* [Action item]: Take the records below and extract, word for word, the lines from the one containing "Traditional Ruffled Floral" through the final line, inclusive. Omit pictures.

*** Block opens ***

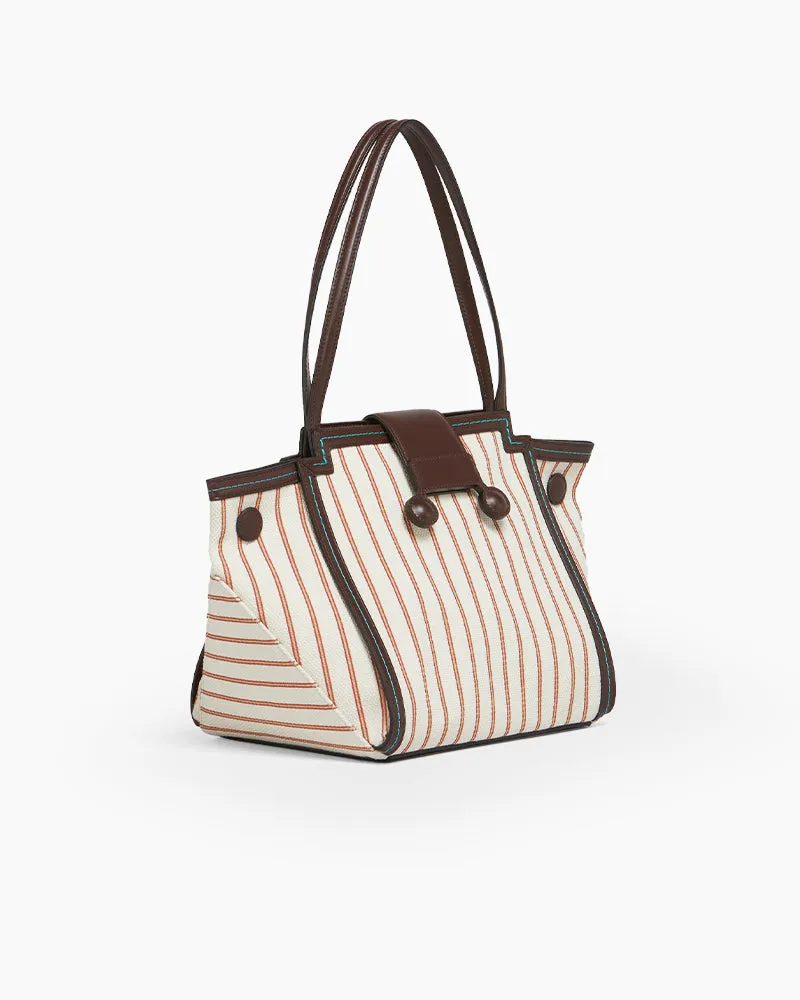 Brown Leather and Striped Canvas Shoulder Tote Bag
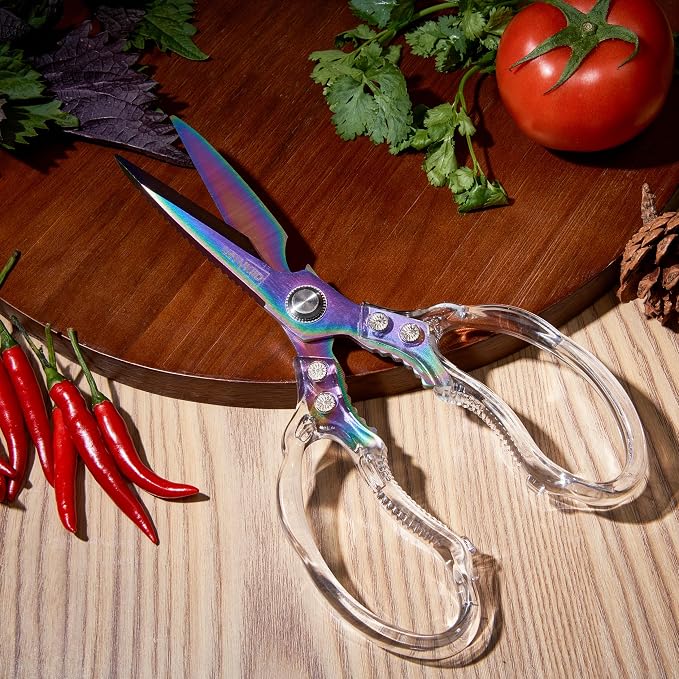 Rust-Resistant Kitchen Scissors, Transparent and Stylish Handle, Suitable - Image 2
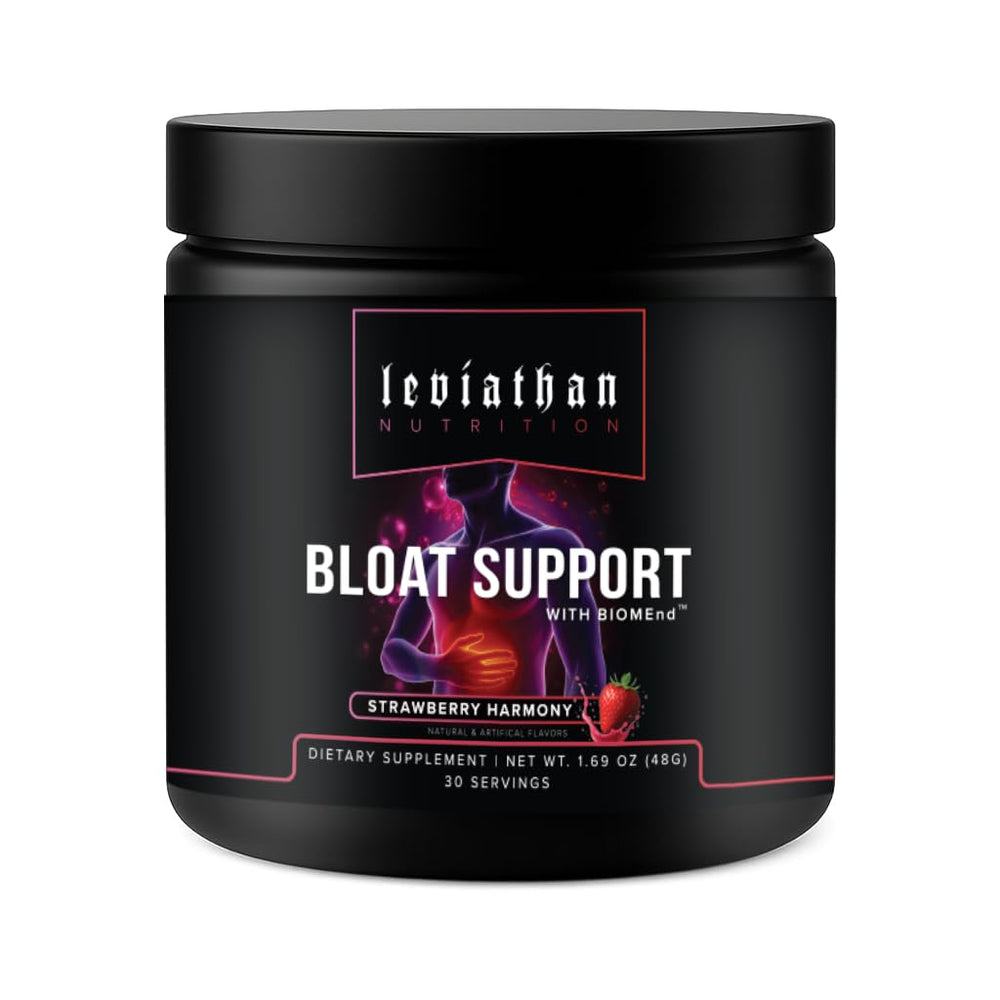 Leviathan Bloat Support bottle label with BIOMend Lysine Butyrate for daily wellness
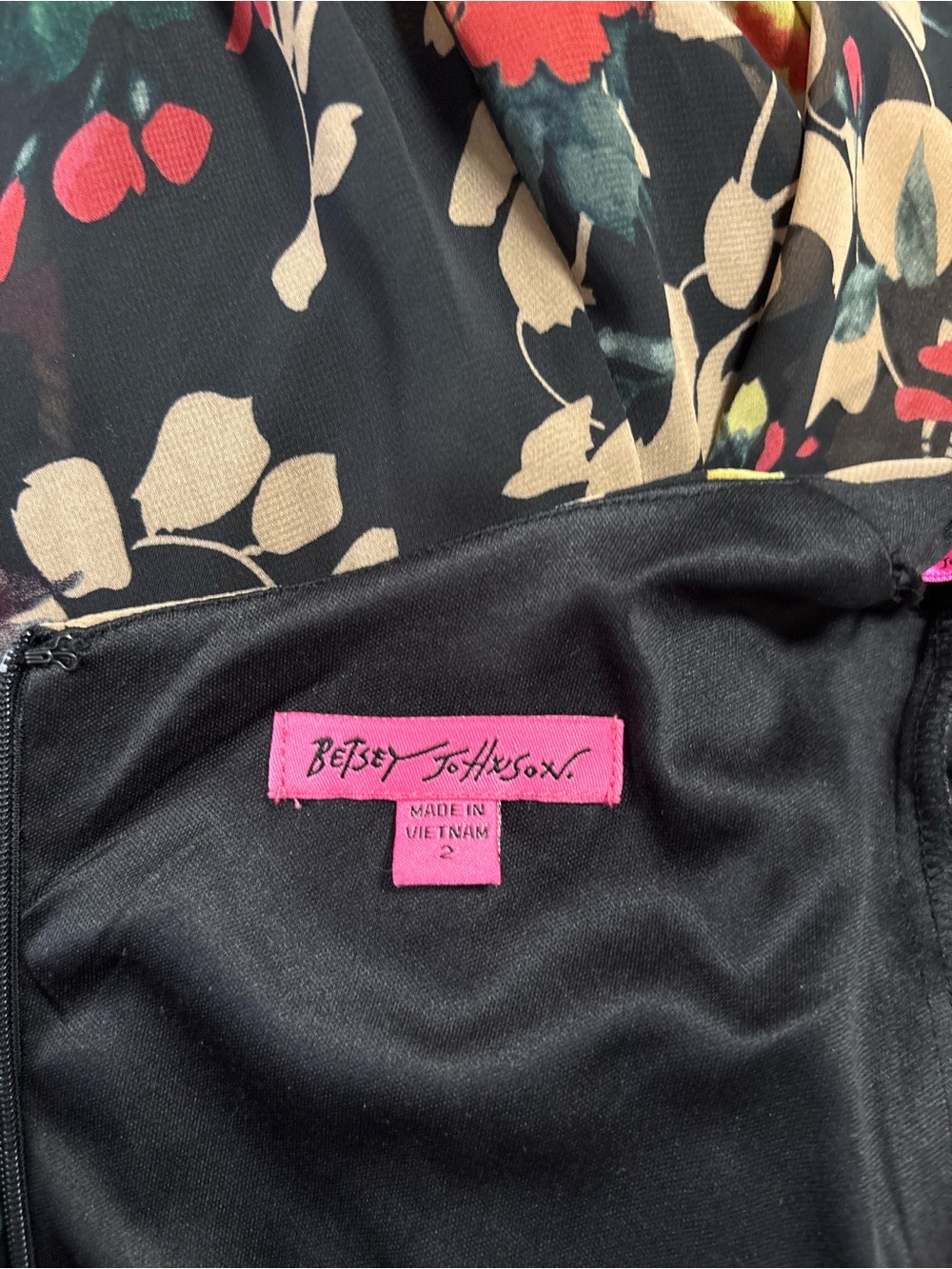 Betsey Johnson Black Floral Flutter-Sleeve Wrap Mini Dress - Picture 6 of 7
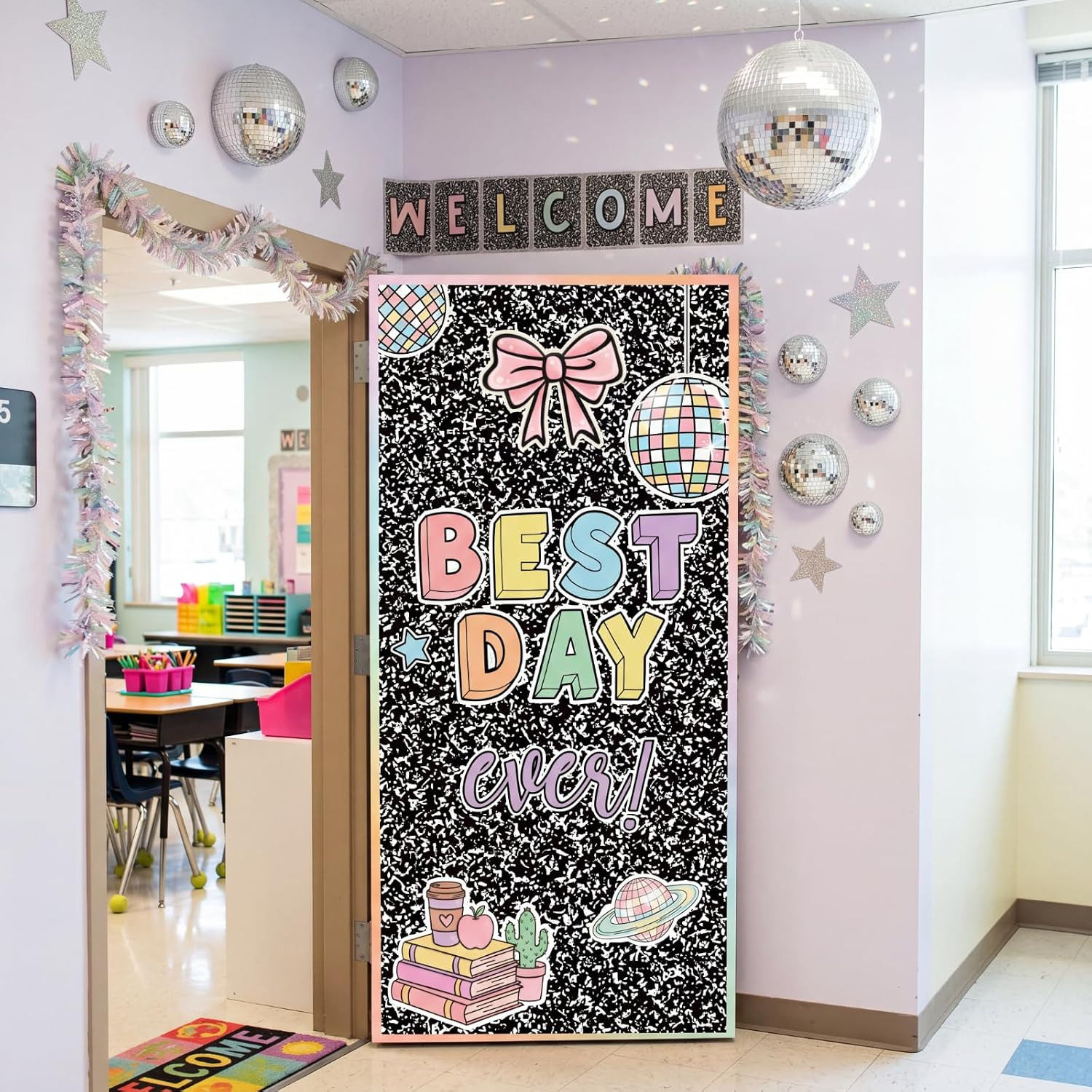 Classroom Welcome Door Cover Composition Notebook Back to School Banner Welcome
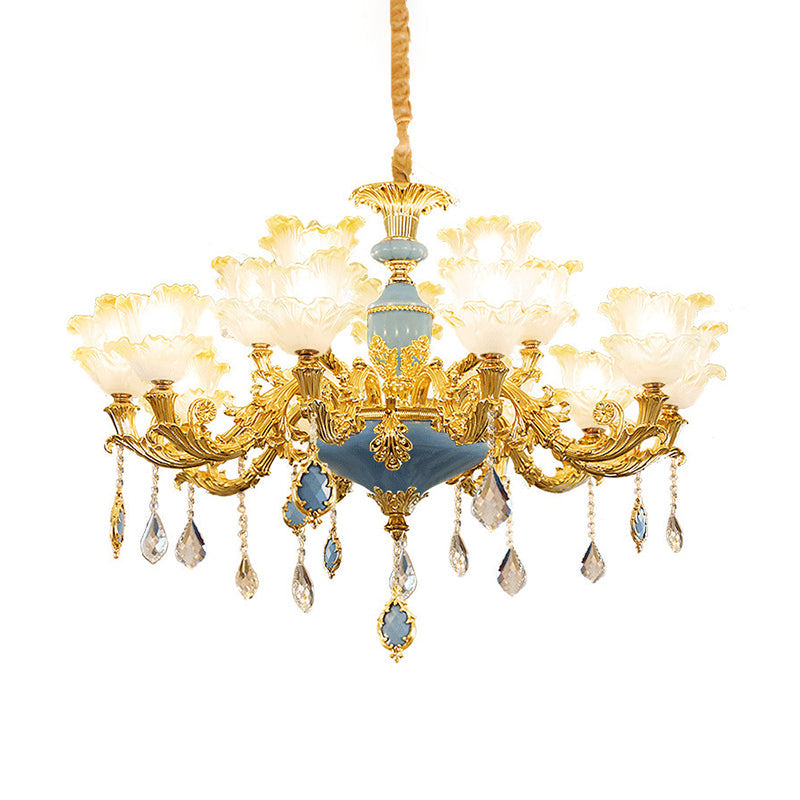 Traditional Ruffled Floral Ceiling Lighting Textured Glass Chandelier Light Fixture with Crystal Accent - Rebooters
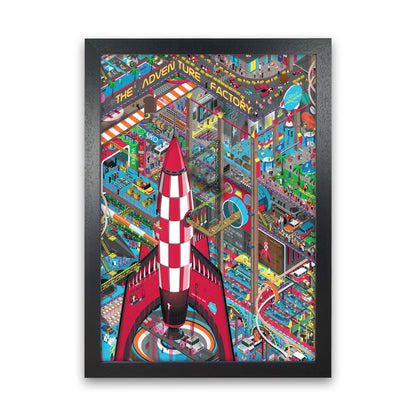 Rocket Retro Print by Wyatt9 Black Grain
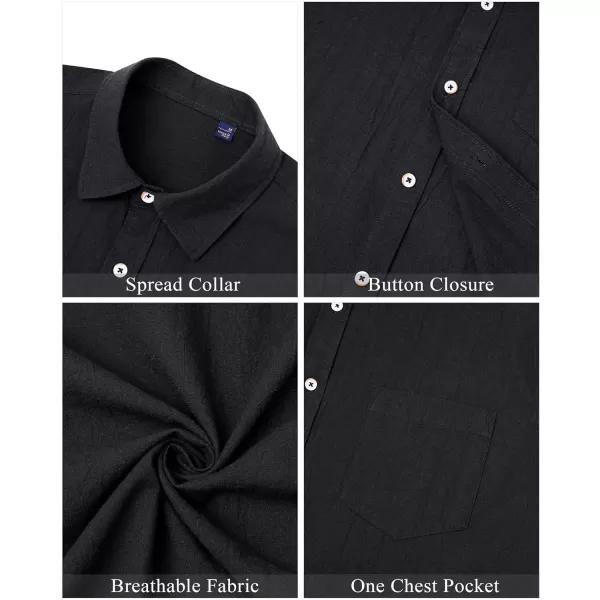 J.VER Men's Linen Shirts Casual Button Down Long Sleeve Shirt Solid Spread Collar Summer Beach Shirts with Pocket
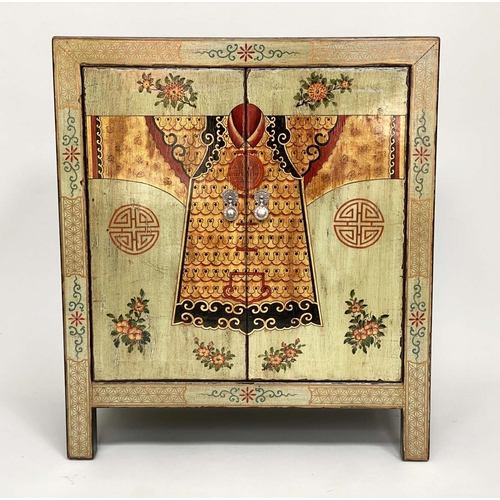 177 - CHINESE SIDE CABINET, vintage pale green lacquered with ancestral coat chinoiserie decorated pair of...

*** Block closes ***

* [Answer to the exercise]:
 Traditional Ruffled Floral Ceiling Lighting Textured Glass Chandelier Light Fixture with Crystal Accent - Rebooters
 Rocket Retro Print by Wyatt9 Black Grain
 J.VER Men's Linen Shirts Casual Button Down Long Sleeve Shirt Solid Spread Collar Summer Beach Shirts with Pocket
 177 - CHINESE SIDE CABINET, vintage pale green lacquered with ancestral coat chinoiserie decorated pair of...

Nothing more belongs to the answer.